By the time the Endangered Species Act was passed, in 1973, only a few
hundred of these once-great predators were left in the lower 48 states.
After numerous generations of people dedicated to killing wolves on the
North American continent, one generation devoted itself to letting
wolves live. The animals’ number has now risen to almost 5,500, thanks
to their legal protection, but they still occupy less than 5 percent of
their ancient home range.
Since
1995, the act has guided efforts to raise wolves in captivity, release
them, and follow them in the wild. Twenty years ago this month, the
first gray wolves were reintroduced to Yellowstone National Park.
But
this fragile progress has been undermined. Since 2011, the federal
government has moved to remove federal protection for gray wolves in the
Northern Rocky Mountains (Idaho, Montana and Wyoming) and in the
western Great Lakes (Minnesota, Wisconsin and Michigan), the two
population centers.
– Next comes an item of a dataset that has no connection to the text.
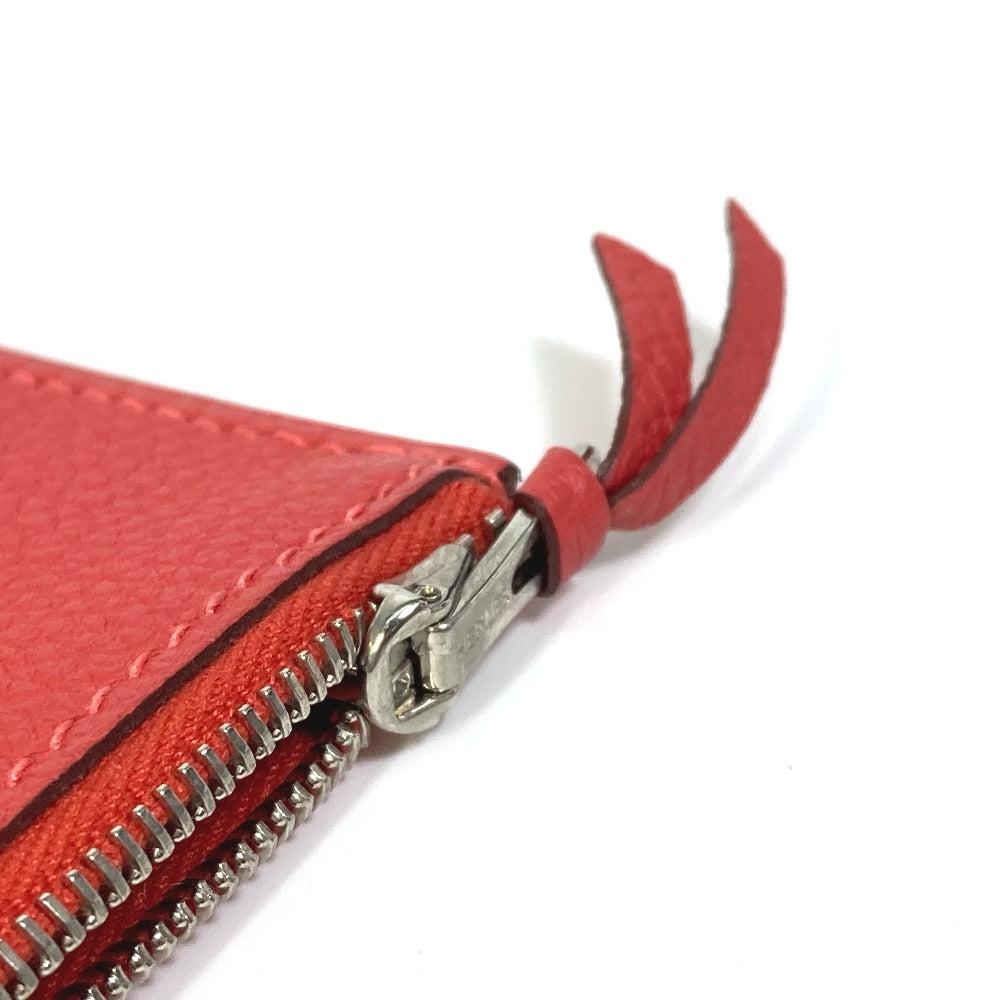 HERMES Long Wallet Purse Togo Red type Dogon GM Wallet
Management of the species was turned over to these
states, which responded with a zeal that looks like blood lust.
Relying
on the greatly exaggerated excuse that wolves threaten cattle and
sheep, the states opened their doors to the killing of wolves. (In some
states, bait can be used to lure the animals to their deaths; in
Montana, private landowners can each kill 100 wolves each year; in
Wisconsin, up to six hunting dogs on a single wolf is considered fair
play.) Legions of wolf killers rose to the challenge, and the toll has
been devastating: In just three and a half years, at least 3,500 wolves
have been mowed down.
There’s
been an outcry from conservationists, ecologists and people who simply
like wolves, but this has not stopped the killers. Some say wolves are a
threat to their livestock investments (despite the existence of
generous rancher-compensation programs in all wolf states save Alaska);
others invoke fear of wolves; still others appear to revel in killing.
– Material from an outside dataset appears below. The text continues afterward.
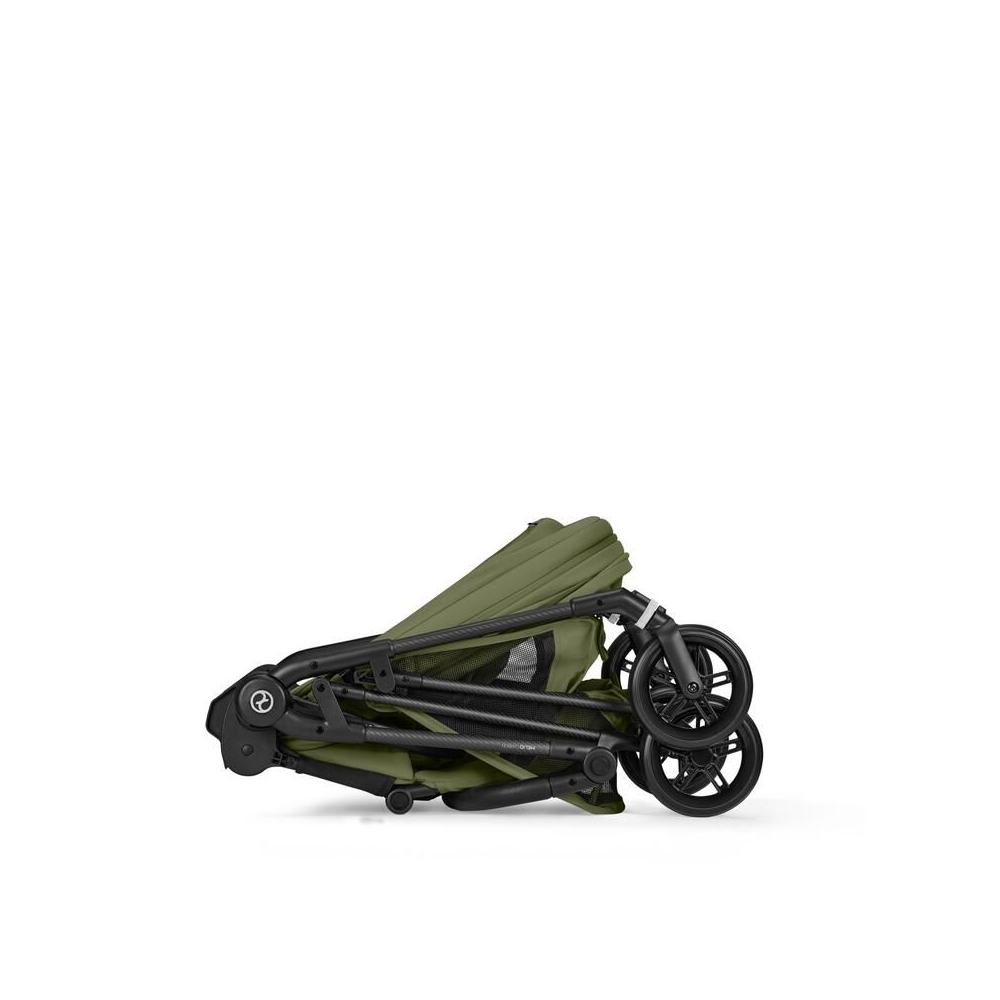 Sportinis vežimėlis Cybex Melio Carbon, Moss Green-Vaikiški vežimėliai, Sportiniai vežimėliai-e-vaikas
Online, you can find pictures of wolf carcasses held up proudly as
trophies and men boasting of running over wolves with their cars. Judges
have started to step in. In September, a federal court decided that
wolf management in Wyoming — which had allowed people to kill as many
wolves as they wanted, throughout 84 percent of the state — should be
returned to the federal government. In December, also in response to a
lawsuit, another federal court reinstated protections for wolves in the
western Great Lakes. These decisions should make clear that the states
alone simply can’t be entrusted with the future of our wolves.
In
Washington, the threats persist. The Fish and Wildlife Service is
considering a proposal that would strip federal protection from almost
all gray wolves in the lower 48 states, not just the ones in the Rockies
and the Midwest. Meanwhile, right-wing Republicans in the new Congress
are champing at the bit to remove the wolves from protection under the act — politics trumping science.
President
Obama should direct the Fish and Wildlife Service to retain protection
for wolves; if it doesn’t, they could be wiped off the face of the
American landscape forever. A unified wolf-recovery plan for the nation
is required. Not only do wolves play an important role in keeping
wilderness wild, but they were here long before we were, and deserve to
remain. Not for nothing was the environmentalist Aldo Leopold
transformed by the sight of a “fierce green fire” in a dying wolf’s
eyes.
I’ve
seen wild gray wolves only once, as they trotted across a dirt road in
front of my own family car in a New Mexican forest. There were three of
them on the road, no doubt a wolf family, and three of us in the car: my
husband, my daughter and me. In the back seat, my little girl was
engrossed in a picture book and didn’t look up fast enough. I want her
to have another chance; I want her to keep living in a world where
something beautiful and wild lurks at the edge of sight.